[Captioned web images]
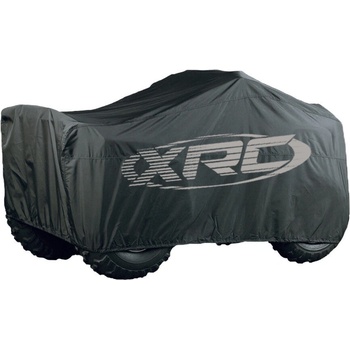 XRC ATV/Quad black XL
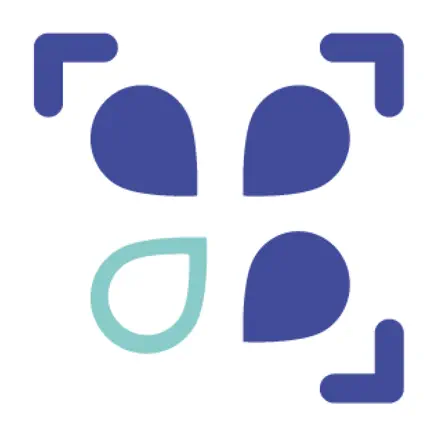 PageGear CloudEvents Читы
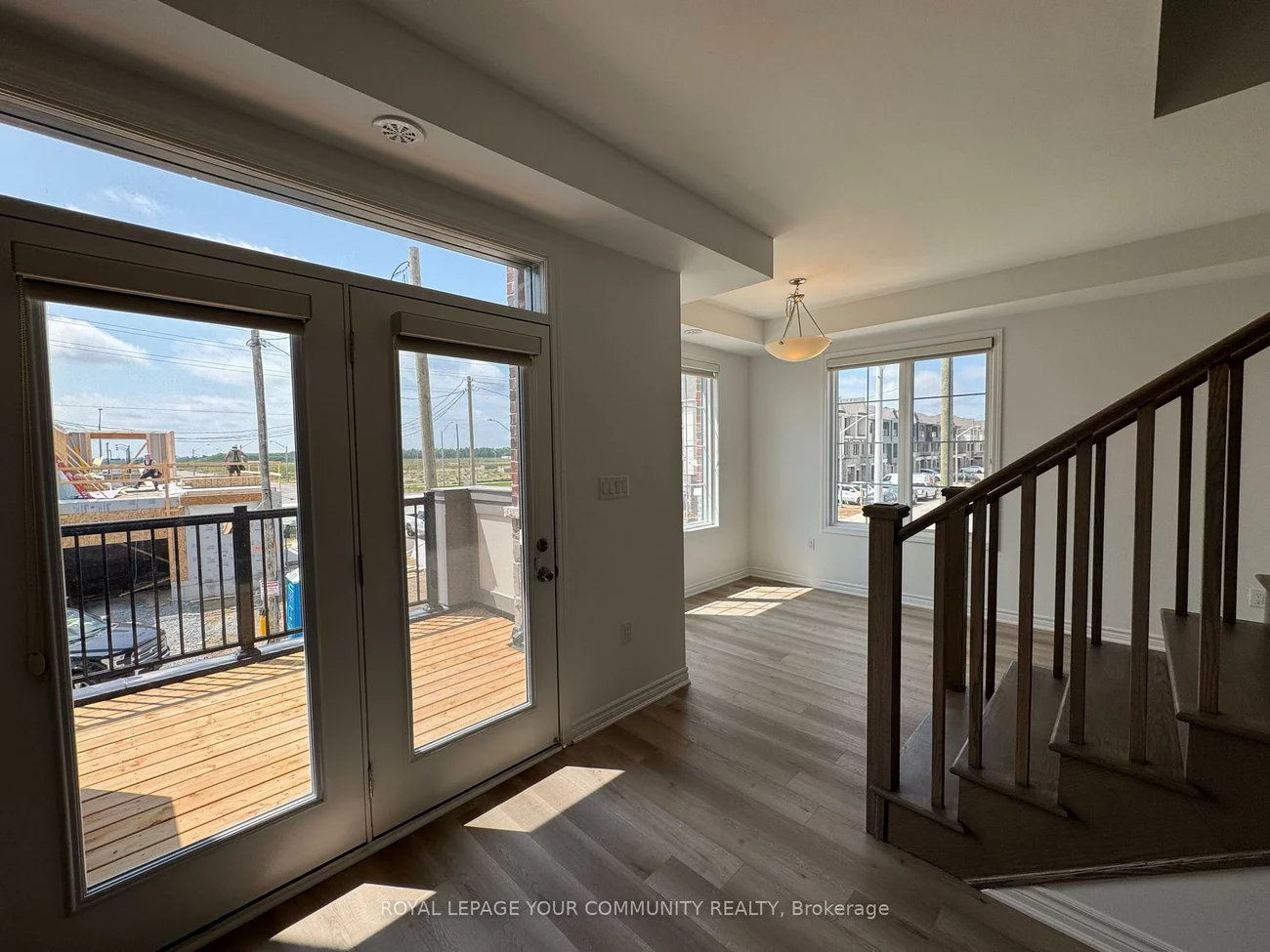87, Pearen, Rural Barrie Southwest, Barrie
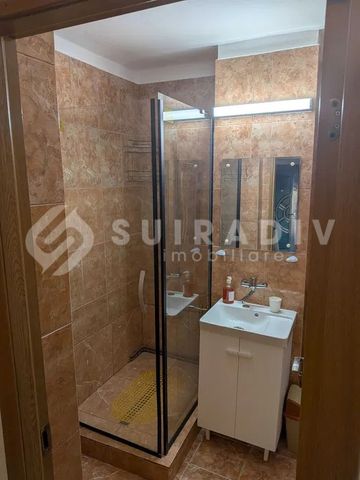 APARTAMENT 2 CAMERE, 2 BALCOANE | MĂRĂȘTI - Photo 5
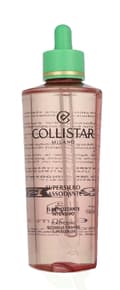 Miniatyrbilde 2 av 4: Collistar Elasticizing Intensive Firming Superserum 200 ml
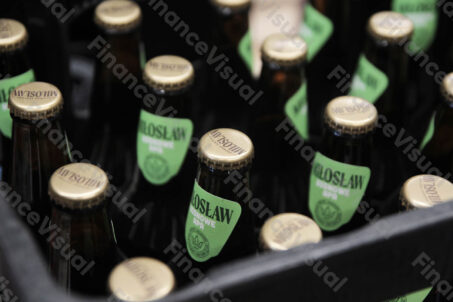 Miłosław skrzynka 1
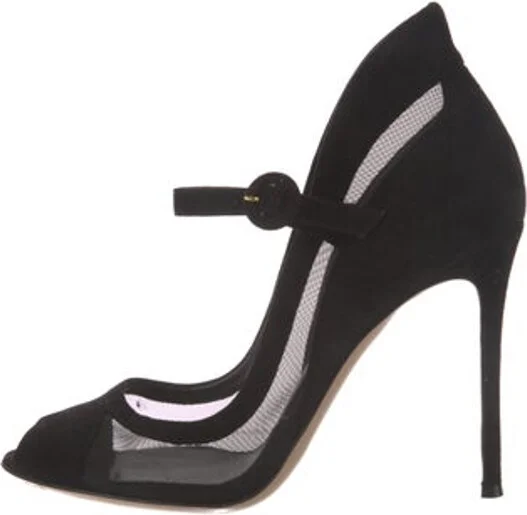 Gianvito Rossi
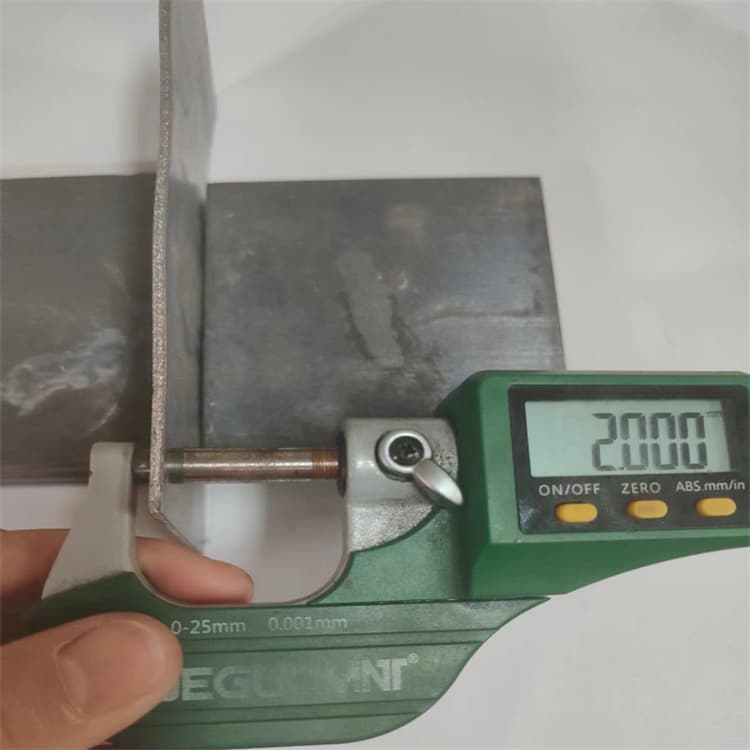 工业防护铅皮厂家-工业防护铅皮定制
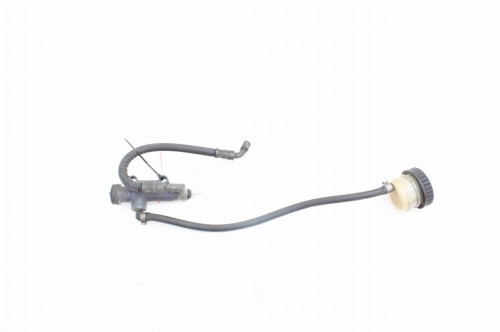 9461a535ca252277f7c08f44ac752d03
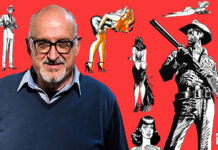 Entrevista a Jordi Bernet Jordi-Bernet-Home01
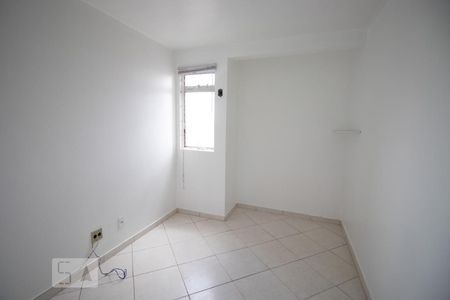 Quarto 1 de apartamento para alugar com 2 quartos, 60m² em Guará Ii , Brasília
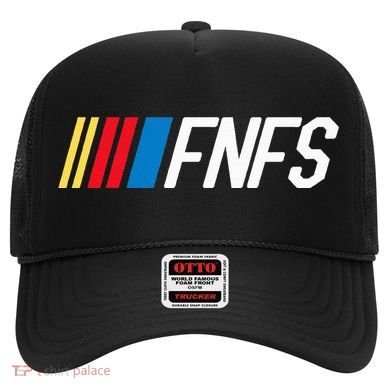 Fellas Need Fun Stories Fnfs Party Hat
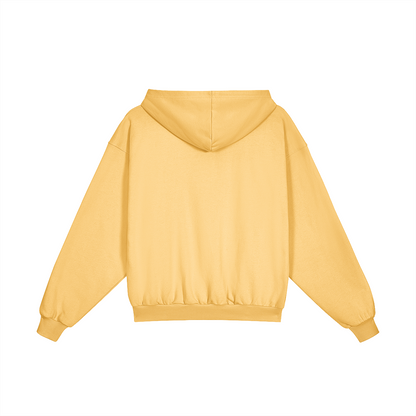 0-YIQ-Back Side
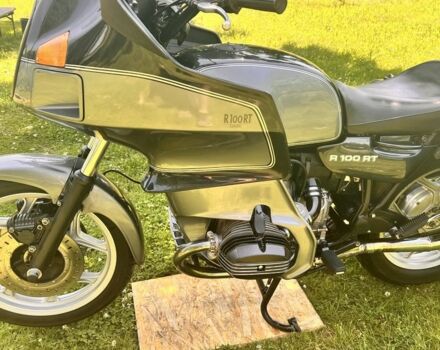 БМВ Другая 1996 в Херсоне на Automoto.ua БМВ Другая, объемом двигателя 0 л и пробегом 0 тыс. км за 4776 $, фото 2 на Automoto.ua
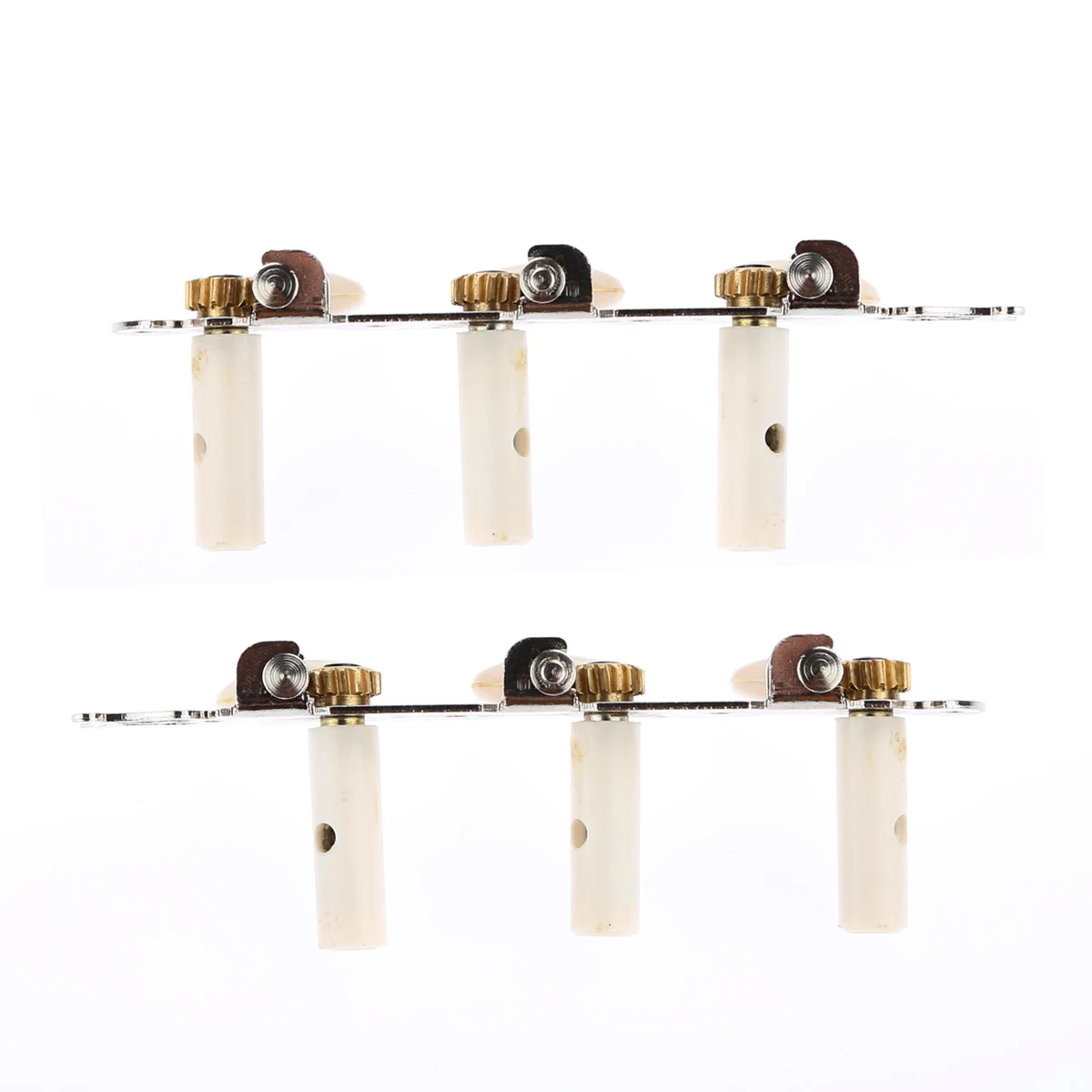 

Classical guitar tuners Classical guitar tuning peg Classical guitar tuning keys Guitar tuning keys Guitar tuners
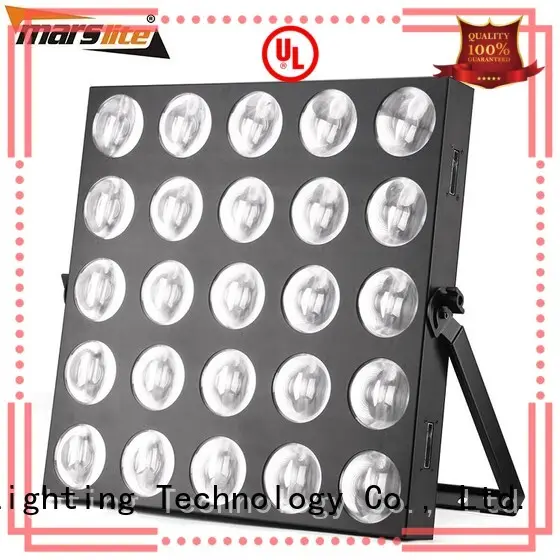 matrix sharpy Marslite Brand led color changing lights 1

▶ **Exercise goal**: All entries should be restated word for word; no images belong in the copy.

▶ **Result of this exercise**:
 XRC ATV/Quad black XL
 PageGear CloudEvents Читы
87, Pearen, Rural Barrie Southwest, Barrie
 APARTAMENT 2 CAMERE, 2 BALCOANE | MĂRĂȘTI - Photo 5
 Miniatyrbilde 2 av 4: Collistar Elasticizing Intensive Firming Superserum 200 ml
 Miłosław skrzynka 1
 Gianvito Rossi
 工业防护铅皮厂家-工业防护铅皮定制
 9461a535ca252277f7c08f44ac752d03
 Entrevista a Jordi Bernet Jordi-Bernet-Home01
 Quarto 1 de apartamento para alugar com 2 quartos, 60m² em Guará Ii , Brasília
 Fellas Need Fun Stories Fnfs Party Hat
 0-YIQ-Back Side
 БМВ Другая 1996 в Херсоне на Automoto.ua БМВ Другая, объемом двигателя 0 л и пробегом 0 тыс. км за 4776 $, фото 2 на Automoto.ua

Classical guitar tuners Classical guitar tuning peg Classical guitar tuning keys Guitar tuning keys Guitar tuners
 matrix sharpy Marslite Brand led color changing lights 1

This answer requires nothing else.